◆ WHAT IS BEING ASKED
Return every entry exactly, except for any pictures.

(DATA PROVIDED Opens)

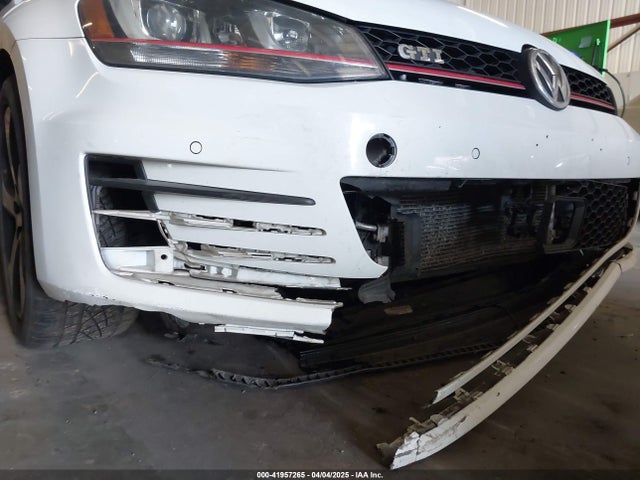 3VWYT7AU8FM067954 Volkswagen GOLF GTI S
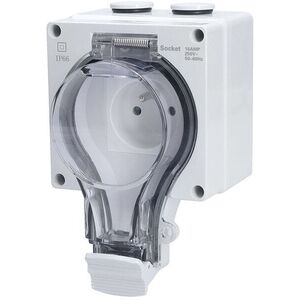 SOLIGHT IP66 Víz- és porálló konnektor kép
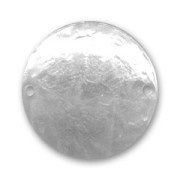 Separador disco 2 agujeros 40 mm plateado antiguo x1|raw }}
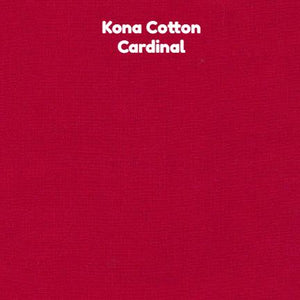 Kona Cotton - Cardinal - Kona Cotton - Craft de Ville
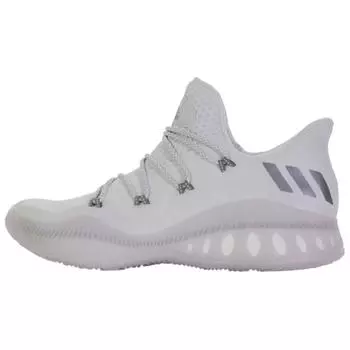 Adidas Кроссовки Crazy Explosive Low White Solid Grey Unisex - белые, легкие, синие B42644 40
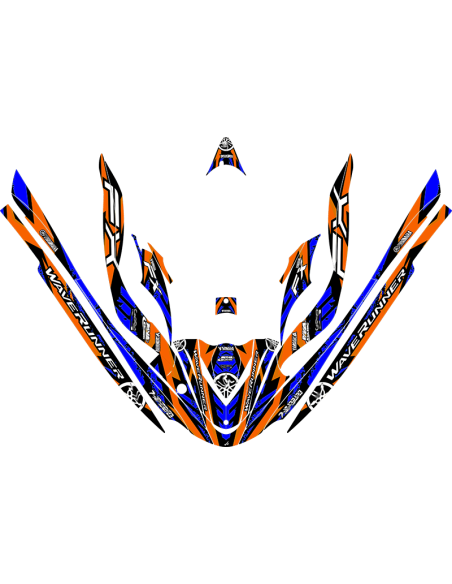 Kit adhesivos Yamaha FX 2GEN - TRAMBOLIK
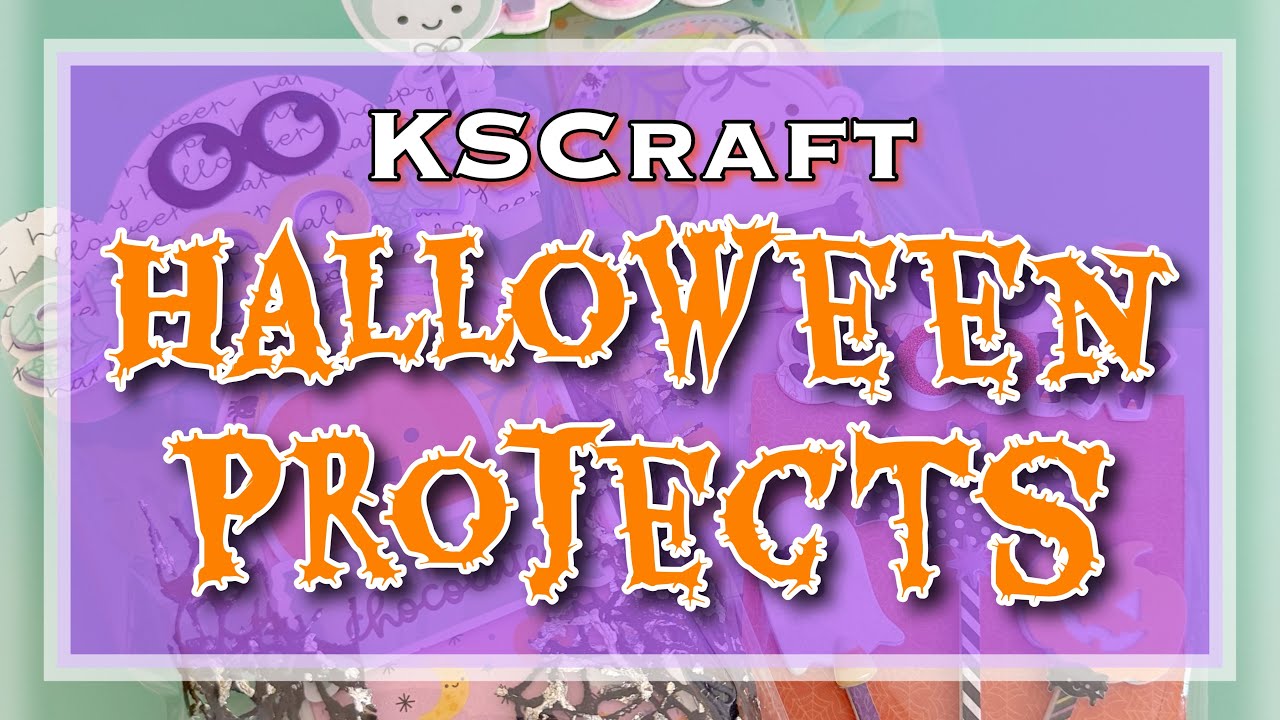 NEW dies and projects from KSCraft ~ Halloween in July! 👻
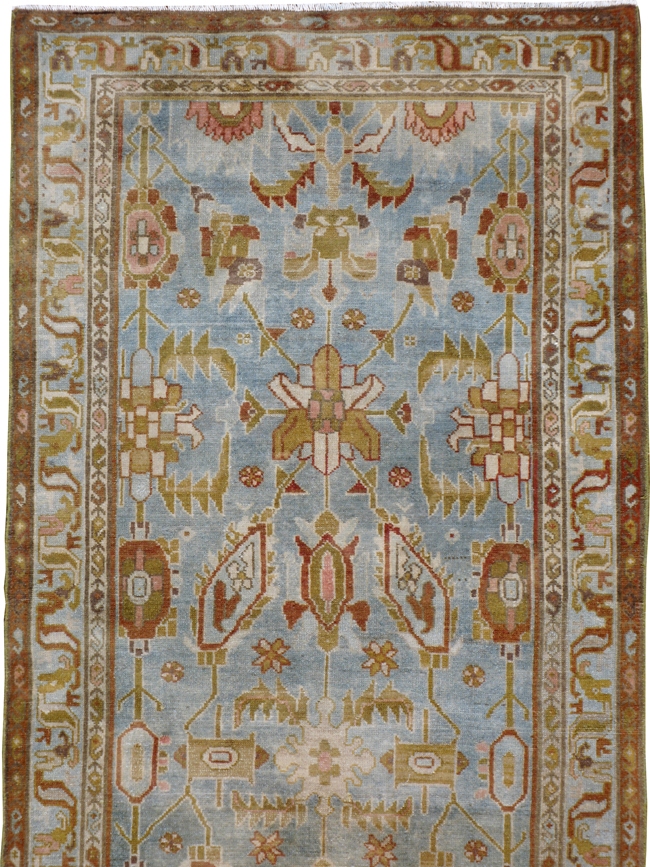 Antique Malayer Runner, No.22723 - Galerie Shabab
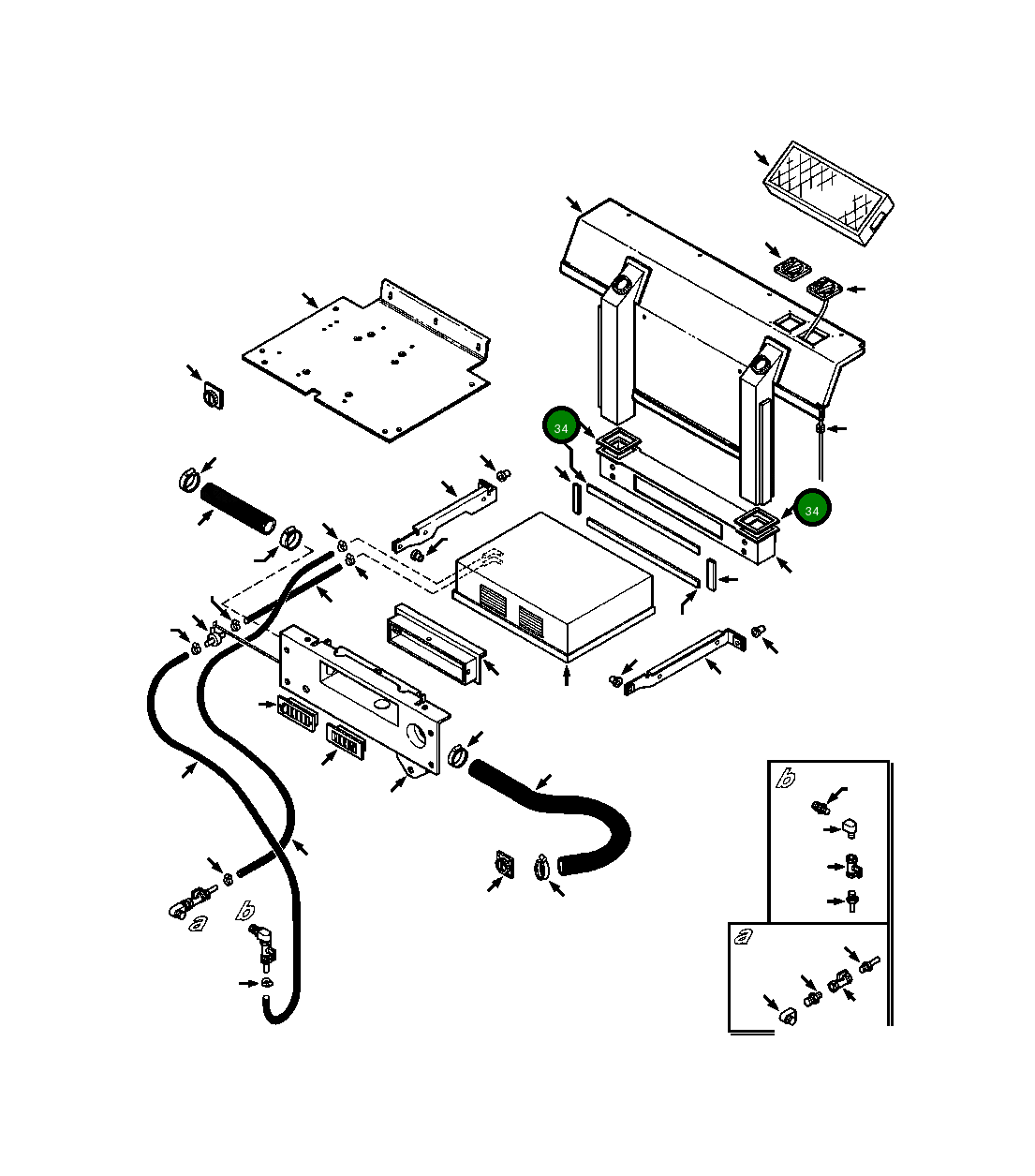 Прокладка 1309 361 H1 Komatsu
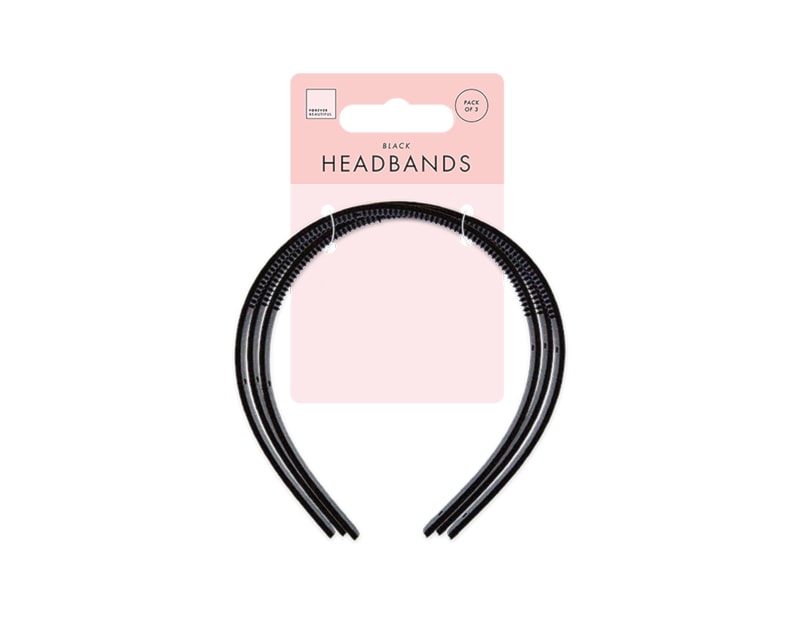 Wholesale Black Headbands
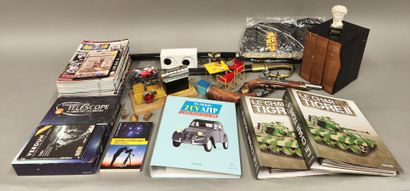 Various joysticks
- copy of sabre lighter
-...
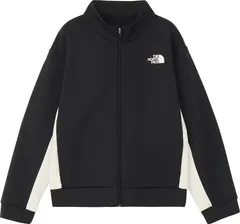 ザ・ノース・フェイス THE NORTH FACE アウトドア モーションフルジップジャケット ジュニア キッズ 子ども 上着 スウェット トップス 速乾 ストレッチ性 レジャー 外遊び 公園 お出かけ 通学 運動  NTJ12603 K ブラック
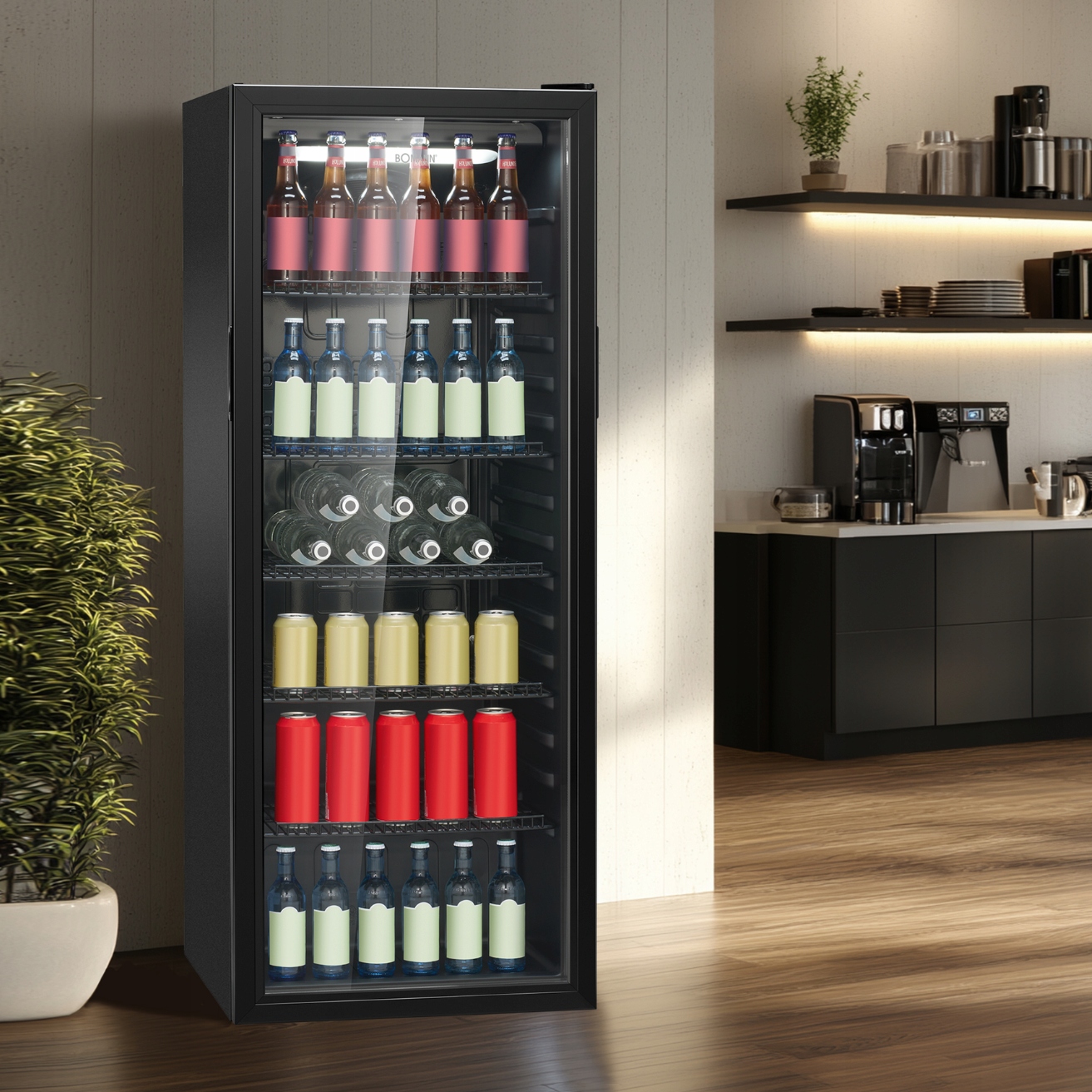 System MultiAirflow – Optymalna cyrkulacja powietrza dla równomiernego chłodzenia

(DATA PROVIDED Closes)

◆ WRITTEN RESPONSE
 3VWYT7AU8FM067954 Volkswagen GOLF GTI S
 SOLIGHT IP66 Víz- és porálló konnektor kép
 Separador disco 2 agujeros 40 mm plateado antiguo x1|raw }}
 Kona Cotton - Cardinal - Kona Cotton - Craft de Ville
 Adidas Кроссовки Crazy Explosive Low White Solid Grey Unisex - белые, легкие, синие B42644 40
 Kit adhesivos Yamaha FX 2GEN - TRAMBOLIK
 NEW dies and projects from KSCraft ~ Halloween in July! 👻
 Antique Malayer Runner, No.22723 - Galerie Shabab
 Прокладка 1309 361 H1 Komatsu
 Wholesale Black Headbands
 Various joysticks
- copy of sabre lighter
-...
 ザ・ノース・フェイス THE NORTH FACE アウトドア モーションフルジップジャケット ジュニア キッズ 子ども 上着 スウェット トップス 速乾 ストレッチ性 レジャー 外遊び 公園 お出かけ 通学 運動  NTJ12603 K ブラック
 System MultiAirflow – Optymalna cyrkulacja powietrza dla równomiernego chłodzenia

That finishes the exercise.